Source information ->
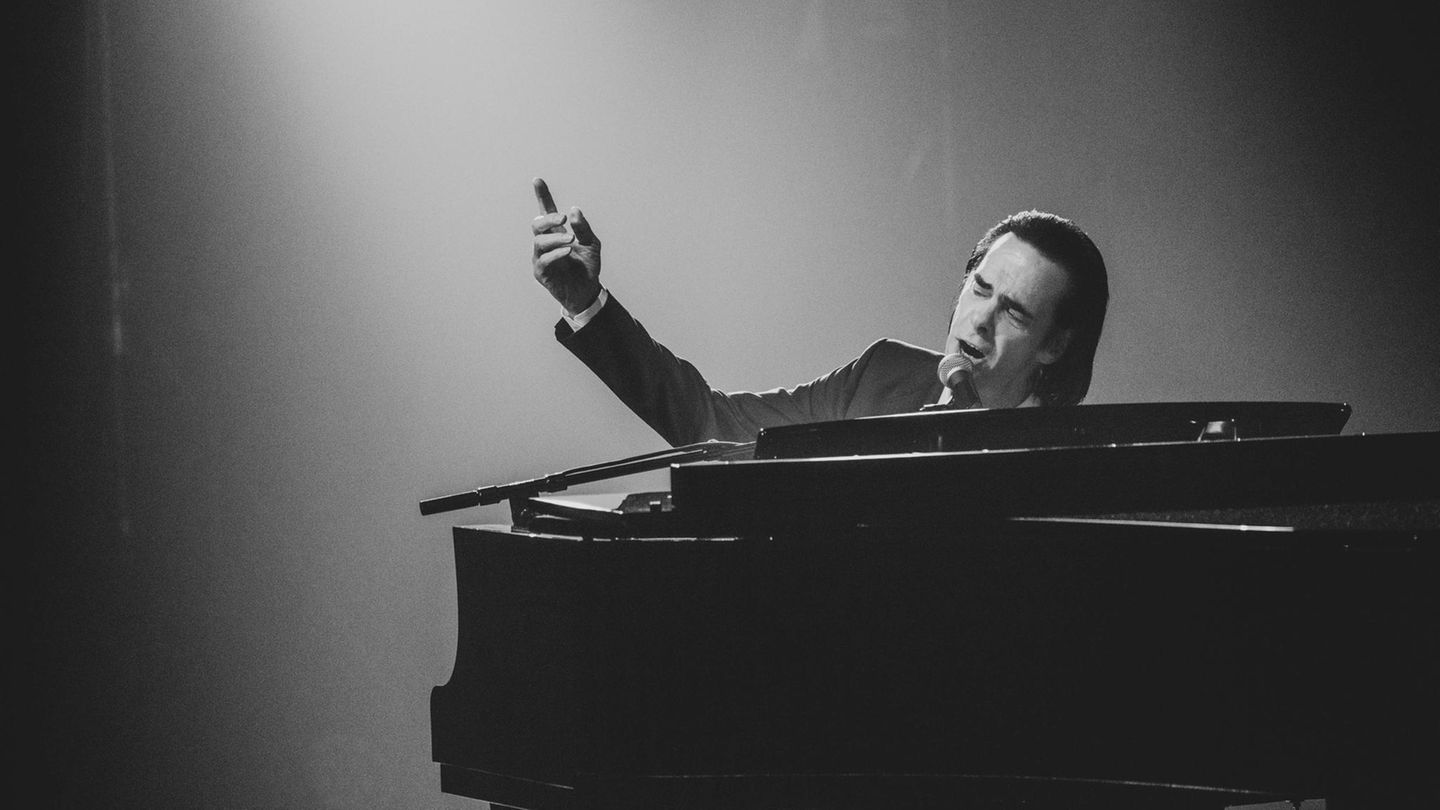 Auftritt-in-Elbphilharmonie-Nick-Cave-solo-in-Hamburg-R-ckkehr-zu-den-dunklen-Momenten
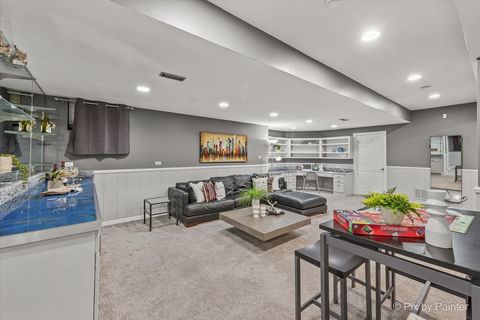 Tiny photo for 8 Moate Lane, Barrington Hills, IL 60010 (MLS # 12614661)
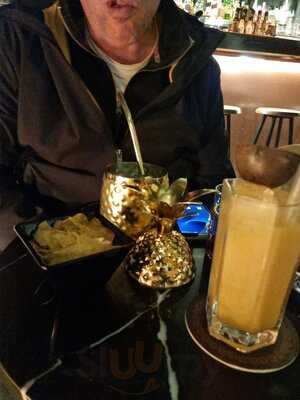 Quentin's American Bar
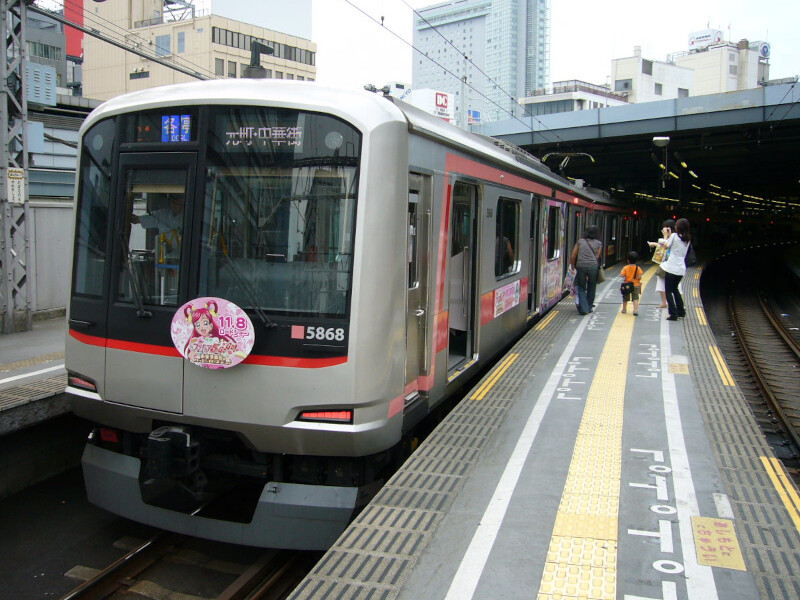 仮面ライダー＆プリキュアラッピング電車 : daijiroの放浪旅写真館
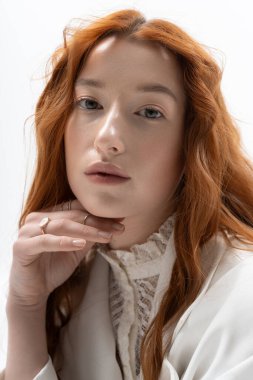 Genç ve güzel bir kadın modern bir stüdyoda şık bahar kıyafetleri sergiliyor..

Your goal -> Please copy the lines above, starting at the one that holds "Tiny photo for" and stopping after the last line, exactly as they appear and minus the pictures.

Completed task ->
 Tiny photo for 8 Moate Lane, Barrington Hills, IL 60010 (MLS # 12614661)
 Quentin's American Bar
 仮面ライダー＆プリキュアラッピング電車 : daijiroの放浪旅写真館
 Genç ve güzel bir kadın modern bir stüdyoda şık bahar kıyafetleri sergiliyor..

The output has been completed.